Gradient Boosted Regression Trees (GBRT). We can build a simple instance.
tree_reg1 = DecisionTreeRegressor(max_depth=2)
tree_reg1.fit(X, y)
y2 = y - tree_reg1.predict(X)
tree_reg2 = DecisionTreeRegressor(max_depth=2)
tree_reg2.fit(X, y2)
y3 = y2 - tree_reg2.predict(X)
tree_reg3 = DecisionTreeRegressor(max_depth=2)
tree_reg3.fit(X, y3)
y_pred = sum(tree.predict(xtest) for tree in (tree_reg1, tree_reg2, tree_reg3))
Instead, we can use scikit-learn implementation.
from sklearn.ensemble import GradientBoostingRegressor
gbrt = GradientBoostingRegressor(max_depth=2, n_estimators=3, learning_rate=1.0)
gbrt.fit(X, y)
The learning_rate scales the contribution of each tree. If we set it to a low value, we need more trees in the ensemble to fit the training set, but the results are usually better (this is a regularization technique called shrinkage). In order to find the optimal number of trees, we can use early stopping.

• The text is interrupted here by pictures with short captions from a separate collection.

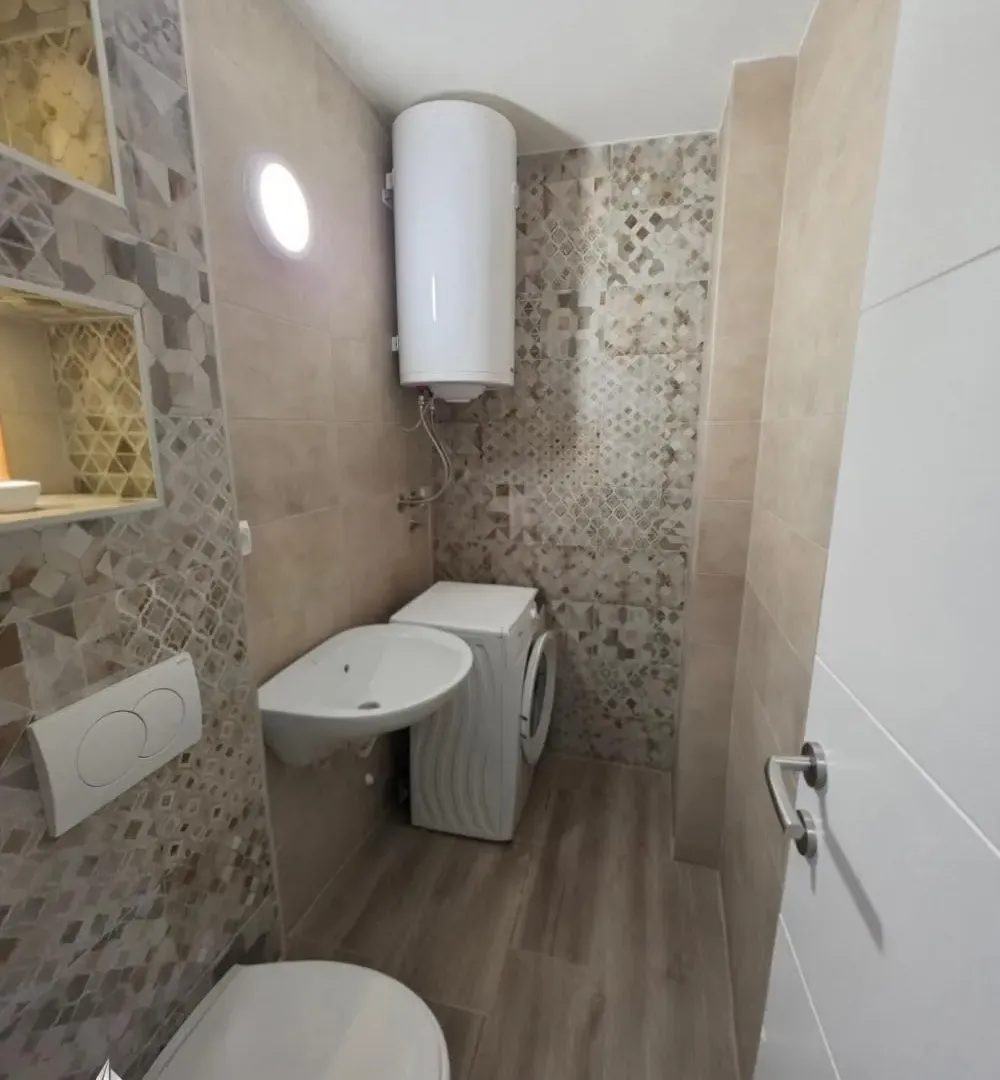 Prodaja, trosoban stan, 65m², Zemun Sve Podlokacije, Beograd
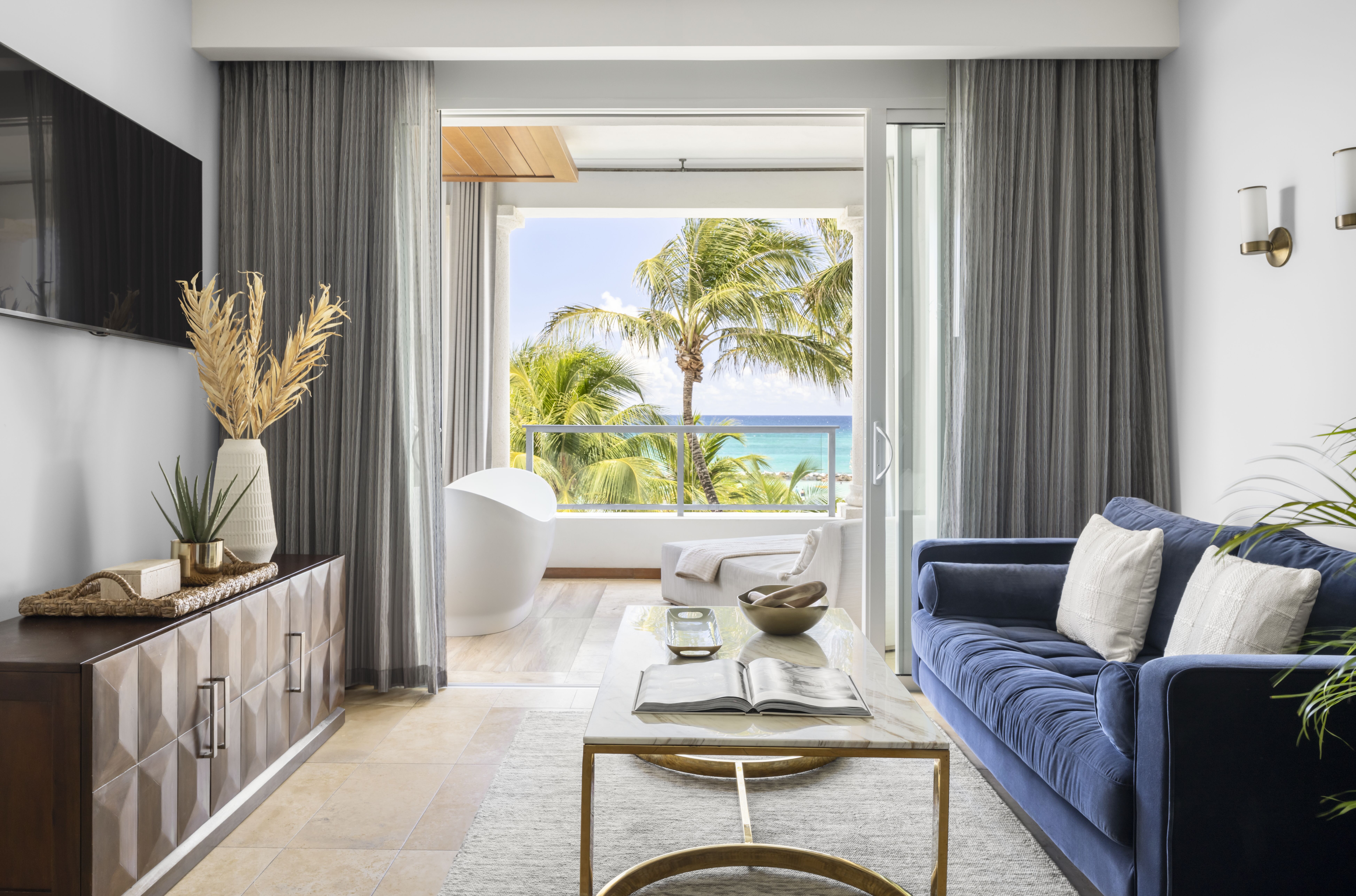 JPG-Version-SBR-Room-BSKY-Sitting--2-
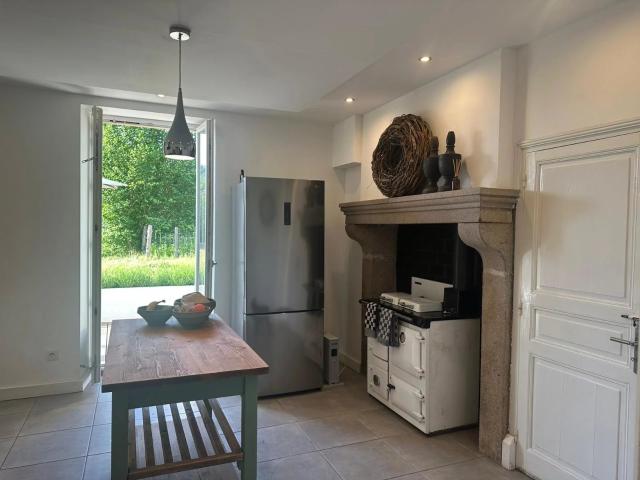 Une grande maison de village avec des dépendances et plus de. 153m² Saint Dizier Masbaraud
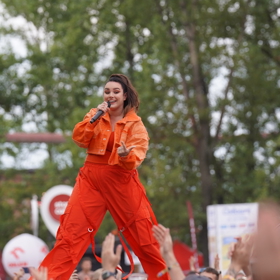 Outfit Ewy Farné z koncertu v rámci letošního ročníku festivalu Colours of Ostrava, na kterém rodačka z nedalekého Třince letos vystupovala, překvapivě, poprvé.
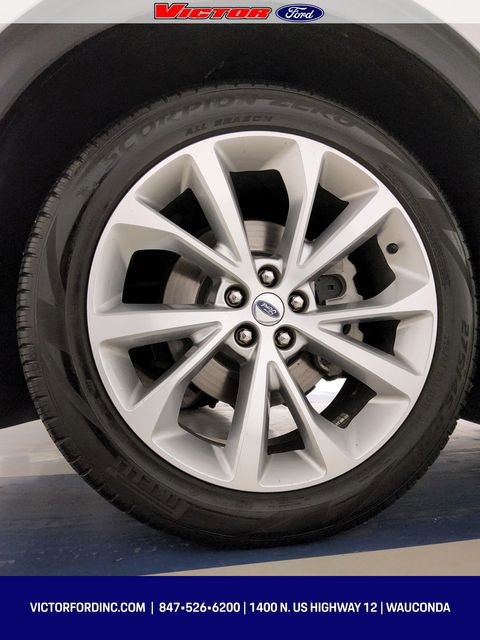 Certified 2022 Ford Explorer Platinum w/ Equipment Group 601A image 8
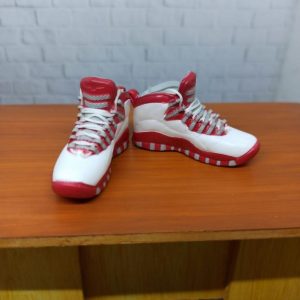 1/6 Sepatu Sneakers Nike Air Jordan 10 Miniatur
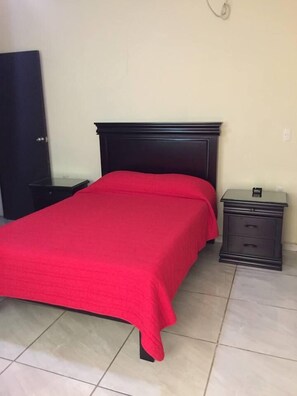 Basic Room, 1 Queen Bed | Free WiFi, bed sheets - Posada del Mar (Mazatlán)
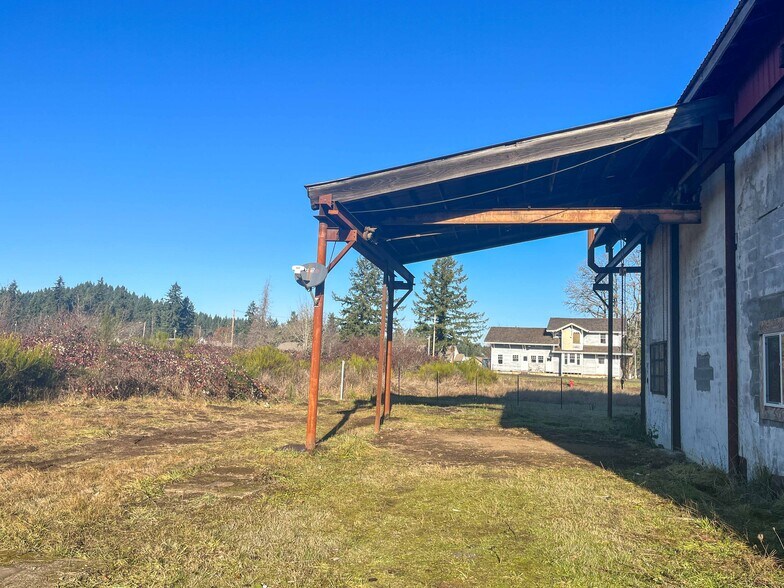 More Photos Of 28401 Salmon River Hwy, Grand Ronde Service For Lease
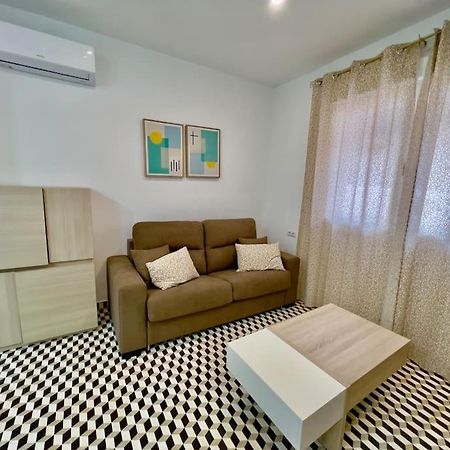 Rockside Residences Suites La Linea N1 La Línea de la Concepción エクステリア 写真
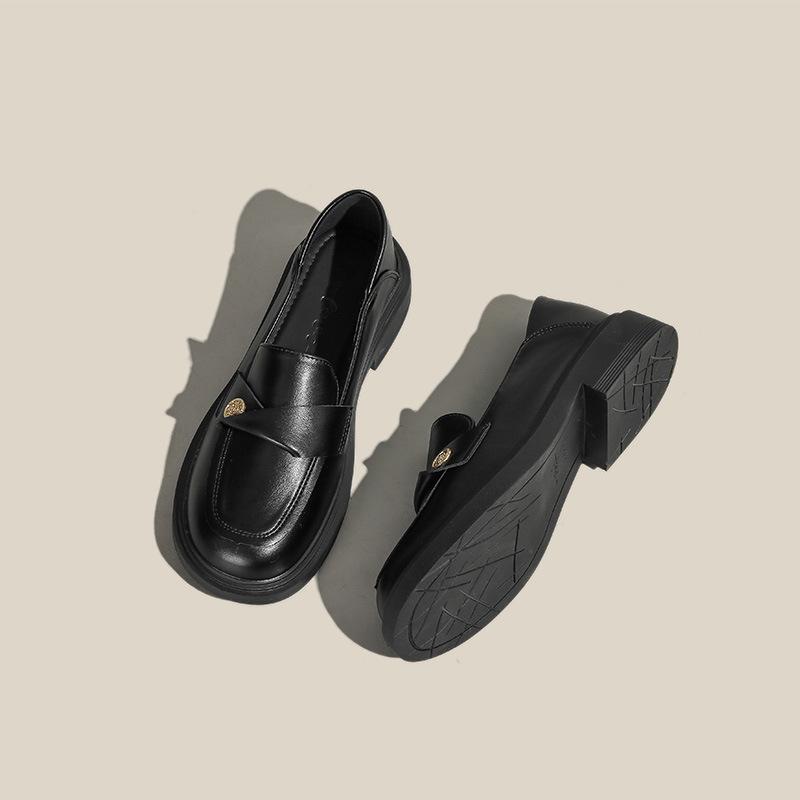 

Лоферы женские 2025 новые кожаные туфли на мягкой подошве женские французские туфли на плоской подошве профессиональные женские туфли с юбками весна и осень 40 чёрный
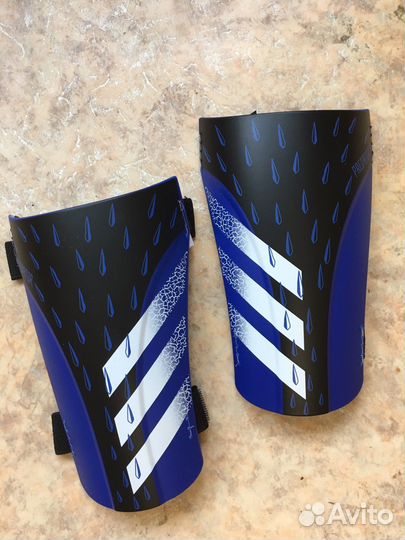 Футбольные щитки Predator SG Traning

xtrain, xval, ytrain, yval = train_test_split(X, y)
gbrt = GradientBoostingRegressor(max_depth=2, n_estimators=120)
gbrt.fit(xtrain, ytrain)
errors = [mean_squared_error(yval, ypred) for ypred in gbrt.staged_predict(xval)]
bst_n = np.argmin(errors)+1
gbrt_best = GradientBoostingRegressor(max_depth=2, n_estimators=bst_n)
gbrt_best.fit(xtrain, ytrain)
It is also possible to implement early stopping by stopping training early instead of training a large number of trees and then looking back to find the optimal.
gbrt = GradientBoostingRegressor(max_depth=2, warm_start=True)
min_val_error = float("inf")
error_going_up = 0
for n_estimators in range(1, 120):
gbrt.n_estimators = n_estimators
gbrt.fit(xtrain, ytrain)
y_pred = gbrt.predict(xval)
val_error = mean_squared_error(yval, ypred)
if val_error < min_val_error:
min_val_error = val_error
error_going_up =0
else:
error_going_up += 1
if error_going_up == 5:
break
The GradientBoostingRegressor class also supports a subsample hyperparameter, which specifies the fraction of training instances to be used for training each tree. Stochastic Gradient Boosting.
XGBoost
xgb_reg = xgboost.XGBRegressor()
xgb_reg.fit(xtrain, ytrain, eval_set=[(xval, yval)],
early_stopping_rounds=2)
y_pred = xgb_reg.predict(xval)
Stacking
Instead of using trivial functions to aggregate the predictions of all predictors in an ensemble, we can train a model to perform the aggregation. To train the blender, we can use a hold-out set. The first subset of training set is used to train the predictors in the first layer. Next, these predictors are used to make predictions on the second set. We can create a new training set using these predicted values as input features, and keeping the target values. The blender is trained on this new training set.